→ Extracted data:
════
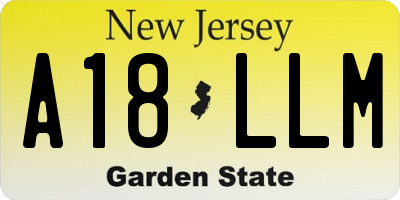 NJ license plate A18LLM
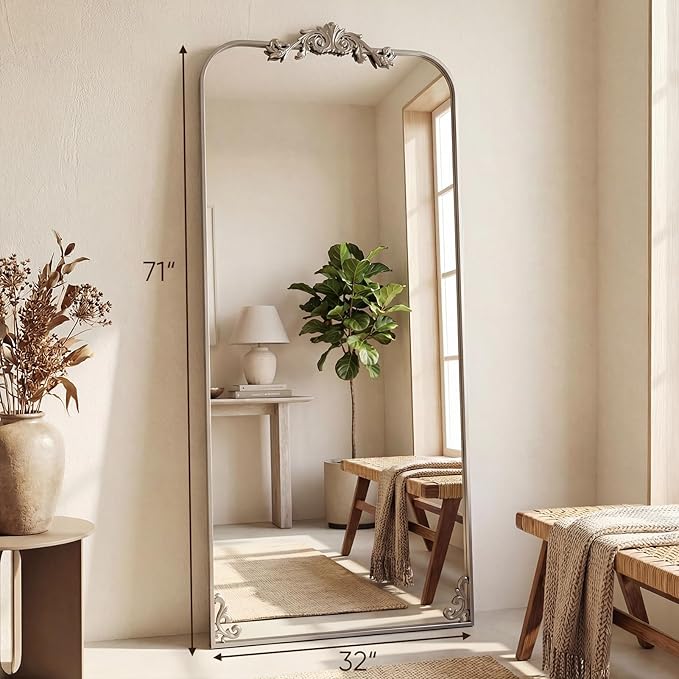 Antok Arched Full Length Mirror, 32"x71" Floor Mirror with Carved, Full Body Mirrors for HomeDecor, Large Wall Mirror with Corner Flower for Bedroom, Living Room, Silver, Luxury Style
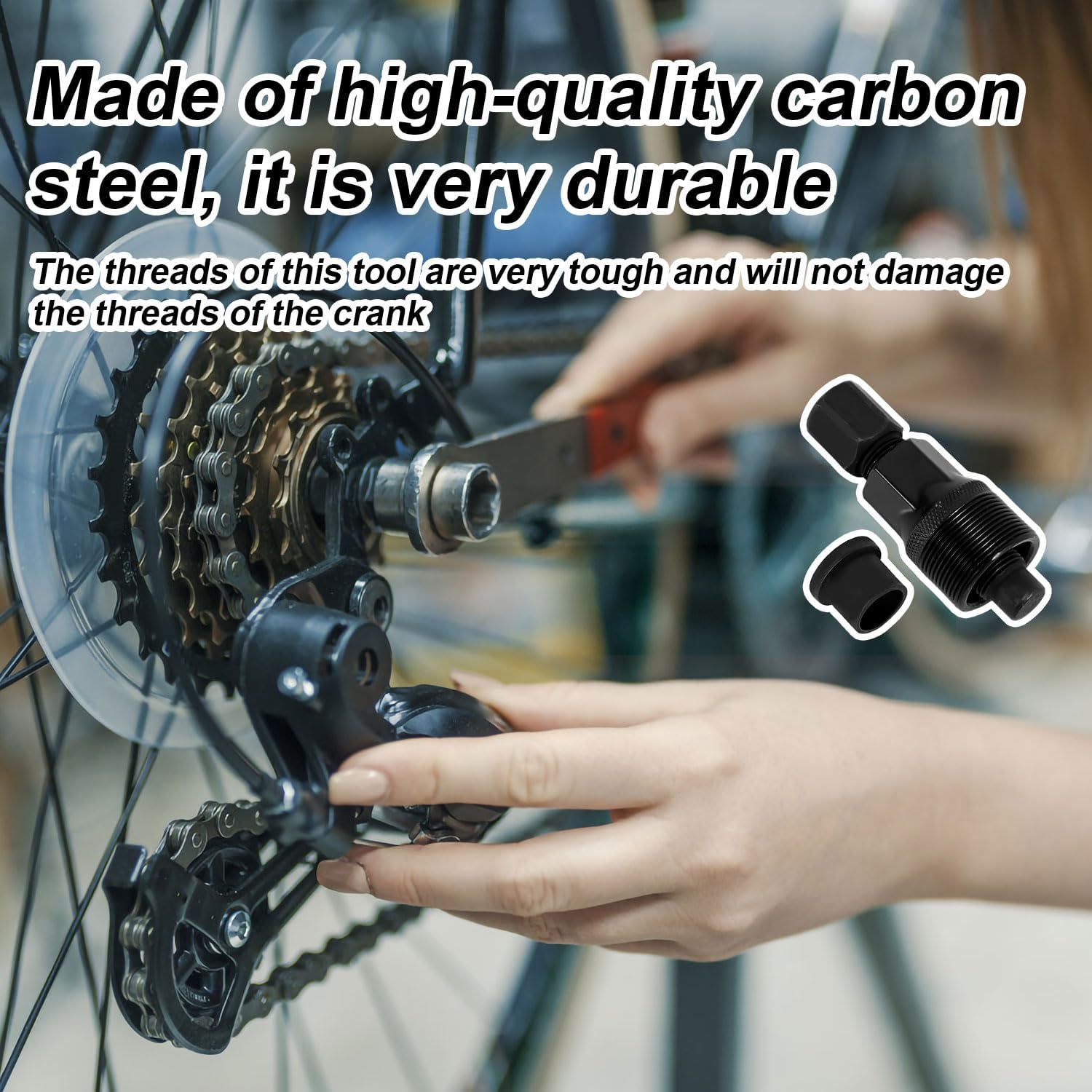 Gosknor 2 Sets Bicycle Crank Puller, Crank Arm Puller Bike Crank Removal Tool Crank Remover for Bicycle Repair & Maintenance (Black)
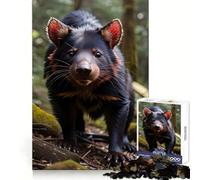 Tasmanian Devil Photograph Jigsaw Puzzles for Adults 1000 Pieces Brain Challenge Toy Quiet Fun Precise Cut Wall Art Decor (50x75cm)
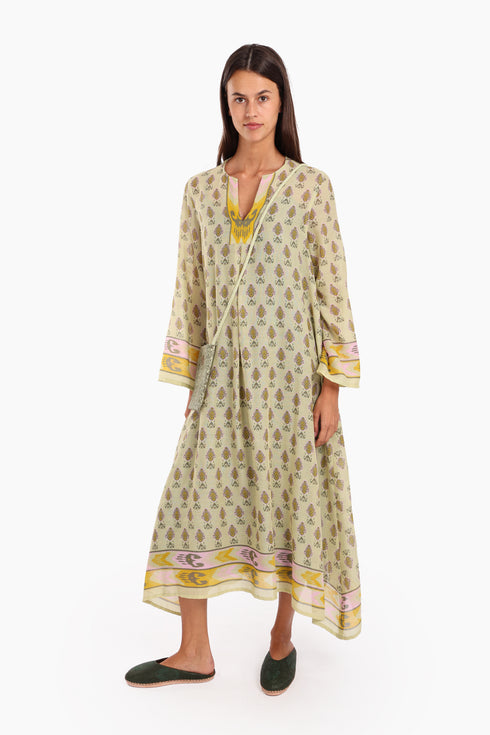 Long dress in printed cotton gauze with side pockets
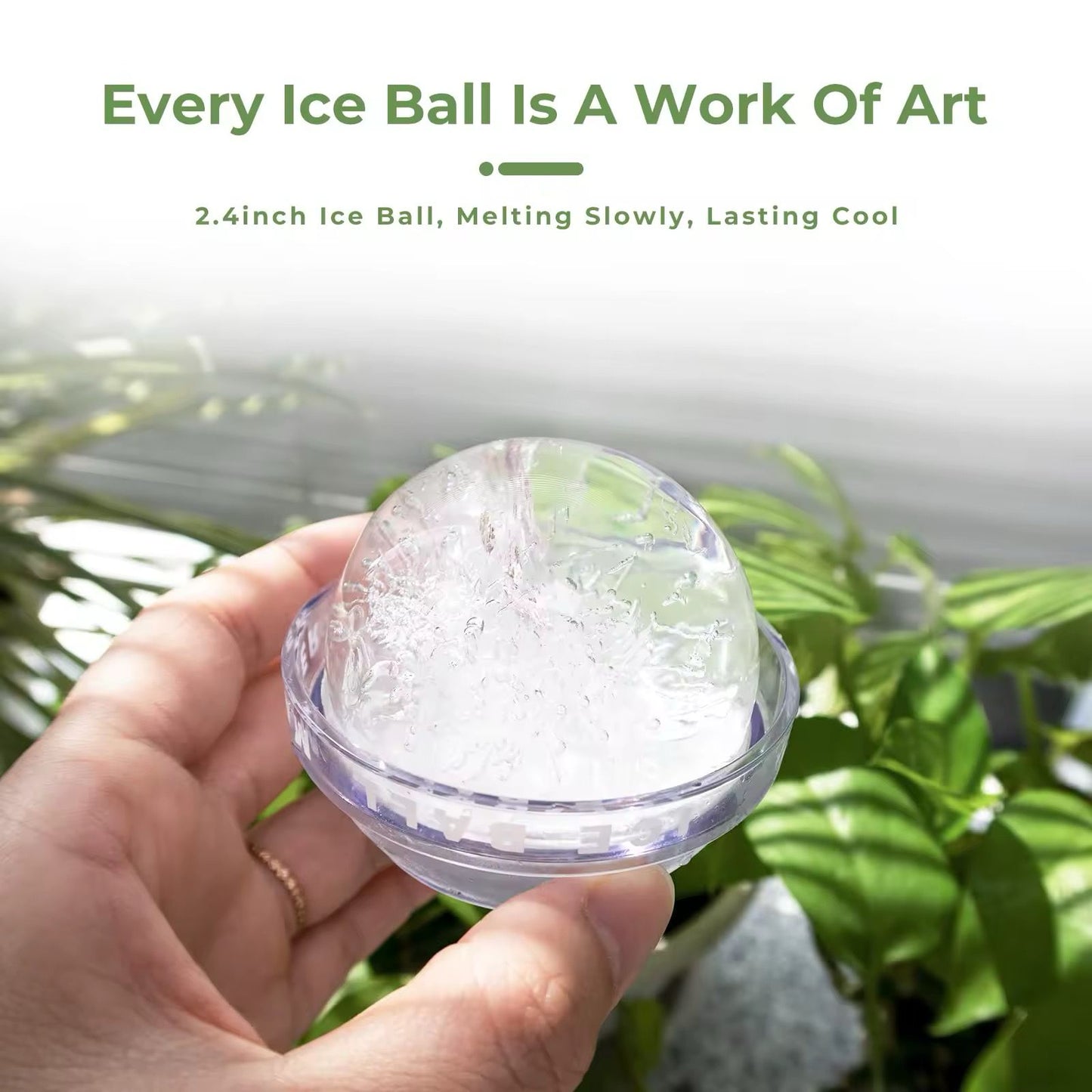 Set of 4 Silicone Ice Ball Molds – 2.5-Inch Round Ice Sphere Molds for Whiskey & Cocktails Reusable Kitchen Bar Accessories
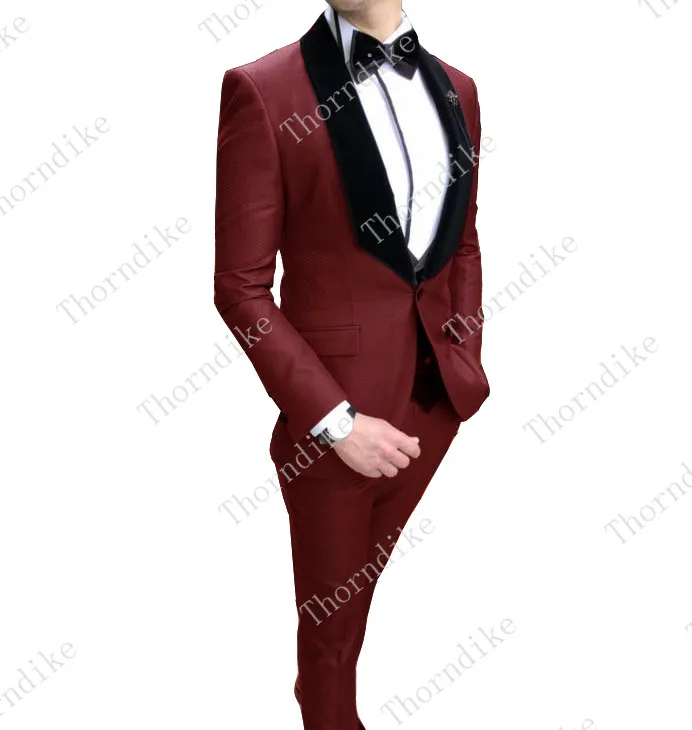 burgundy Gwenhwyfar Tide мужские красочные модные свадебные костюмы плюс размер желтый розовый зеленый синий пурпурный костюмы, куртки, брюки жилет 3 шт смокинги - Цвет: burgundy
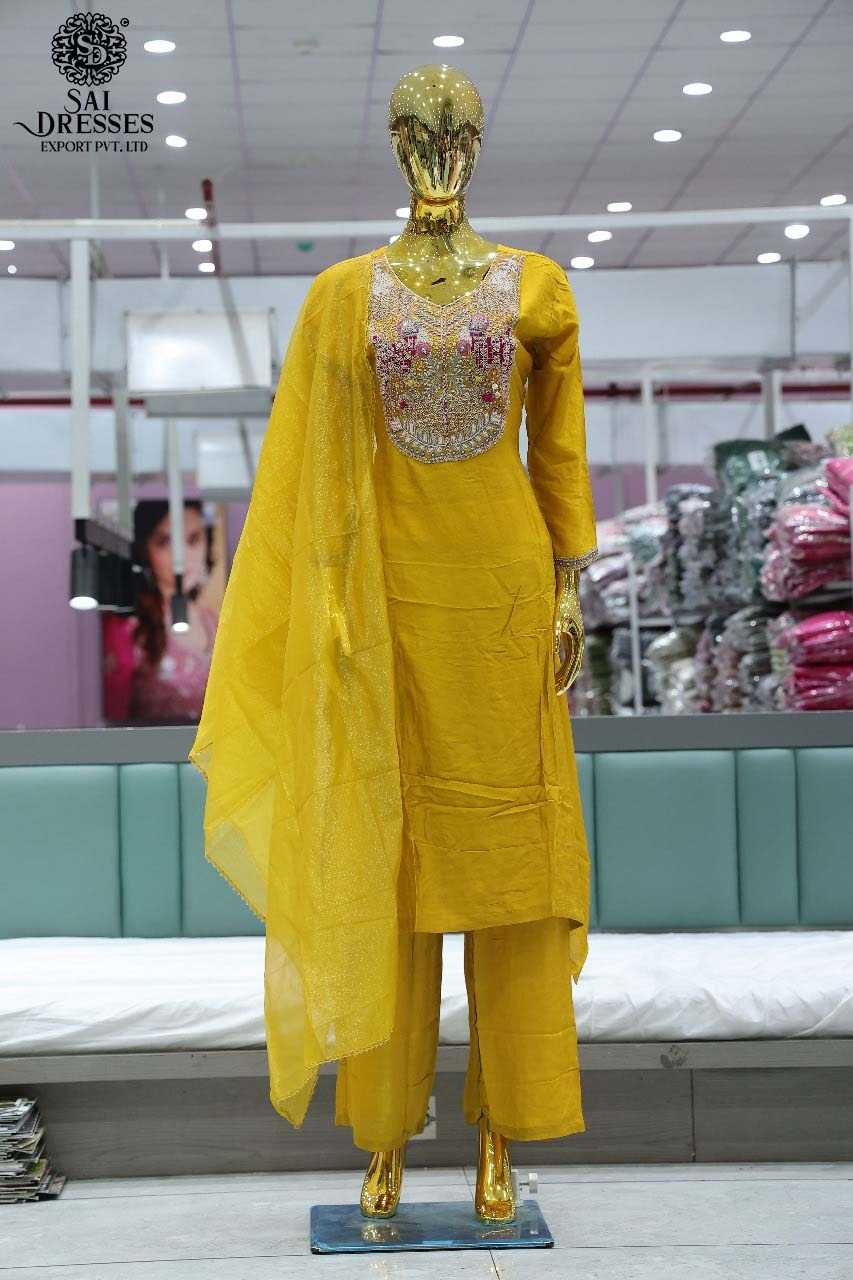 DESIGNER MUSTARD YELLOW DOLLA SILK KURTA SET WITH SANTON BOTTOM AND ORGANZA DUPATTA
════
From the line containing "Tasmanian Devil Photograph" to the last line of the listing above, transcribe each line exactly, skipping the pictures.

→ Written solution:
 Tasmanian Devil Photograph Jigsaw Puzzles for Adults 1000 Pieces Brain Challenge Toy Quiet Fun Precise Cut Wall Art Decor (50x75cm)
 Long dress in printed cotton gauze with side pockets
 Set of 4 Silicone Ice Ball Molds – 2.5-Inch Round Ice Sphere Molds for Whiskey & Cocktails Reusable Kitchen Bar Accessories
 burgundy Gwenhwyfar Tide мужские красочные модные свадебные костюмы плюс размер желтый розовый зеленый синий пурпурный костюмы, куртки, брюки жилет 3 шт смокинги - Цвет: burgundy
 DESIGNER MUSTARD YELLOW DOLLA SILK KURTA SET WITH SANTON BOTTOM AND ORGANZA DUPATTA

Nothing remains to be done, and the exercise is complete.